Bochum. . Mohamed Abeidi kam nach Deutschland, um seine Mutter und seinen schwerbehinderten Bruder zu unterstützen. Am Mittwoch soll er das Land verlassen.

Mohamed Abeidi droht kommenden Mittwoch die Abschiebung nach Polen. Der 24-jährige Iraker war im Sommer 2014 über Warschau nach Deutschland eingereist, um dort Asyl zu beantragen und seine Familie zu unterstützen. Seine Mutter und sein schwerbehinderter jüngerer Brüder leben seit rund drei Jahren in Bochum. Die fast 70-jährige Mutter ist mit der Pflege des jüngsten Sohnes, der auf den Rollstuhl angewiesen ist, überfordert. „Ich bin schon zweimal in der Stadt zusammengebrochen, als ich mit Ahmad unterwegs war“, erzählt Intisar Zahi Abeidi mit Tränen in den Augen. Der 16-jährige Schüler ist vollständig auf die Hilfe anderer Menschen angewiesen. Er kann nicht laufen, seine Arme und Hände nicht richtig bewegen. Daher unterstützt ihn seine Mutter beim Baden, Anziehen, Essen und allen weiteren Dingen des täglichen Lebens. „Aber ich kann ihn alleine kaum noch tragen oder in den Rollstuhl heben“, klagt sie. „Ich wünsche mir nichts sehnlicher, als dass Mohamed bei uns bleiben kann.“

Laut Dublin-Verordnung der EU ist jenes Land für das Asylverfahren eines Flüchtlings verantwortlich, in dem der Schutzsuchende das erste Mal europäischen Boden betritt. Im Fall Mohamed Abeidi also Polen. „Für die Familie ist das eine extrem schwierige Situation“, so Hans Hudde von Amnesty International Bochum. Auch für Mohamed ist der Rückhalt seiner Familie sehr wichtig.“

Ohne Anklage in einem irakischen Gefängnis

Der 24-Jährige saß vor seiner Flucht sieben Jahre ohne Anklage in einem irakischen Gefängnis, wurde dort gefoltert, gilt als traumatisiert und suizidgefährdet. Von seinem Vater, der zusammen mit dem Sohn inhaftiert wurde, gibt es seit der Festnahme 2007 kein Lebenszeichen mehr. Zwei weitere Geschwister kamen bei einem Bombenanschlag auf das Haus der Familie ums Leben, während Mohamed im Gefängnis saß.
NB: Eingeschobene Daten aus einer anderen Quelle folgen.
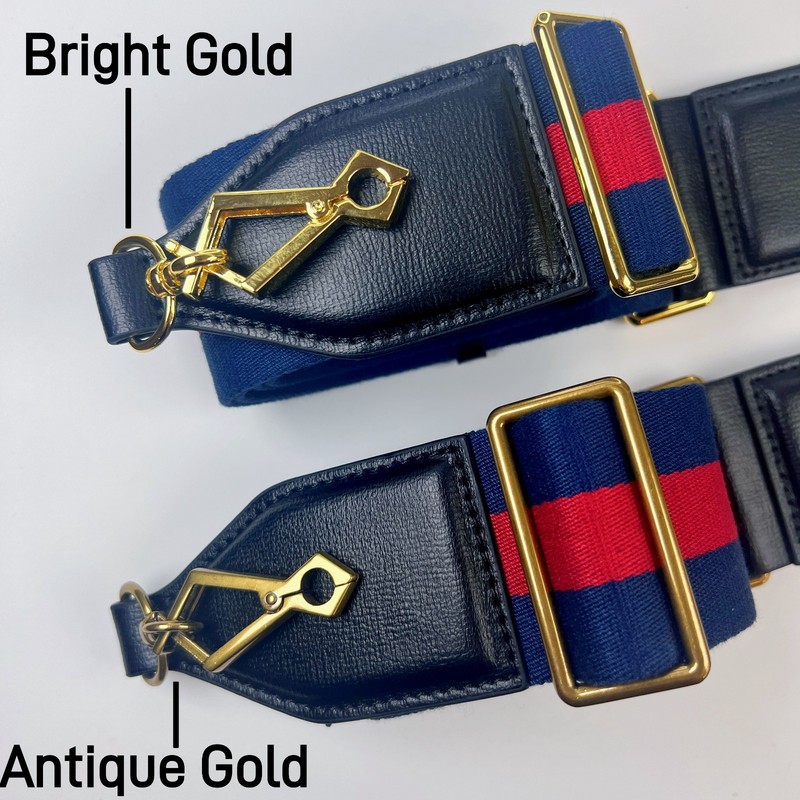 Crossbody Shoulder Strap Lychee Leather Green Navy Red Web Canvas GG horsebit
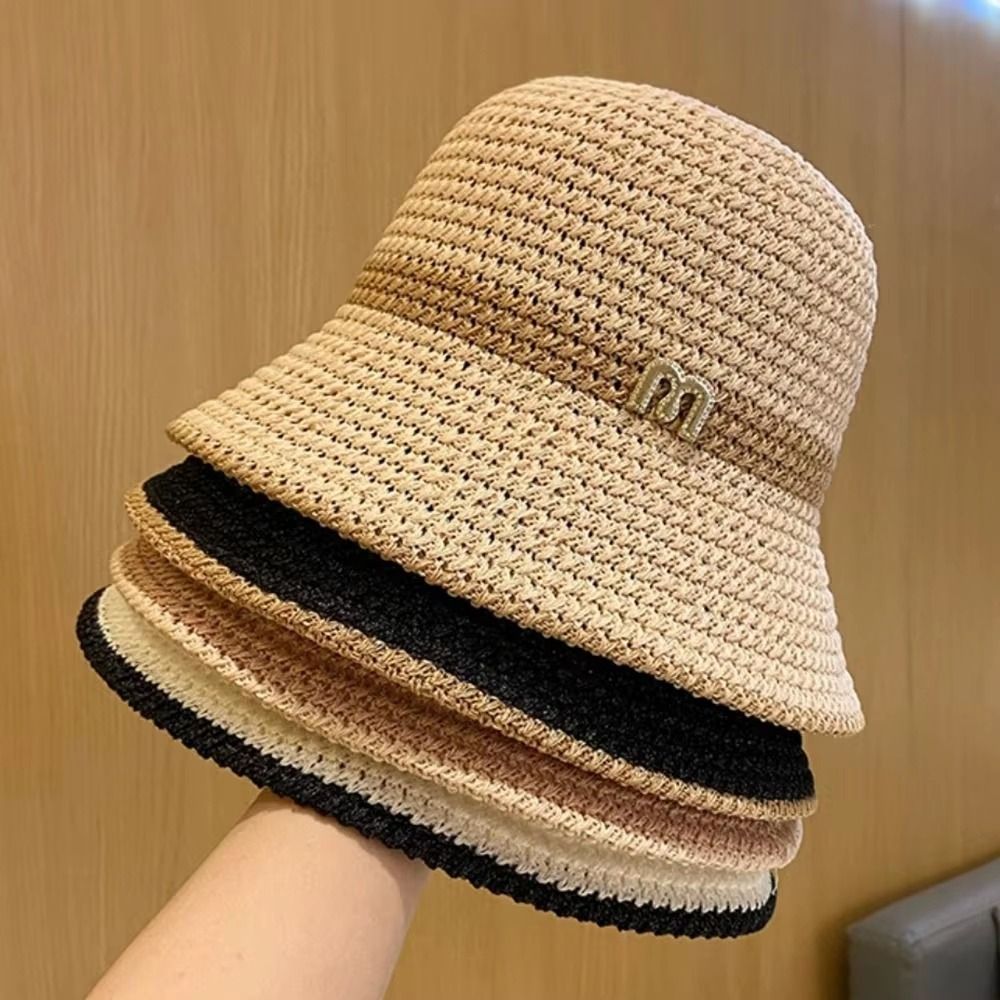 Elegant Bow Fisherman Hat Fold - Bucket Hat Straw recensie en prijs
Auch wenn der junge Iraker nach Deutschland gekommen ist, um bei seiner Familie zu sein und sie zu unterstützen, war er doch die meiste Zeit von ihr getrennt. Während sein Asylantrag bearbeitet wurde, musste er in Esterwegen im Landkreis Emsland leben. Erst seit einem Monat kann sich der 24-Jährige frei im gesamten Bundesgebiet bewegen und ist seitdem bei seiner Familie. Aufgrund seiner psychischen Verfassung könnte Mohameds Abschiebung zumindest vorläufig verschoben werden.

Am Dienstag möchte die Familie dazu den Rat eines Gutachters der Medizinischen Flüchtlingshilfe einholen. Außerdem erwägt die Bochumer Gruppe von Amnesty International einen Antrag bei der Härtefallkommission des Landtags zu stellen, um seine Abschiebung dauerhaft zu verhindern.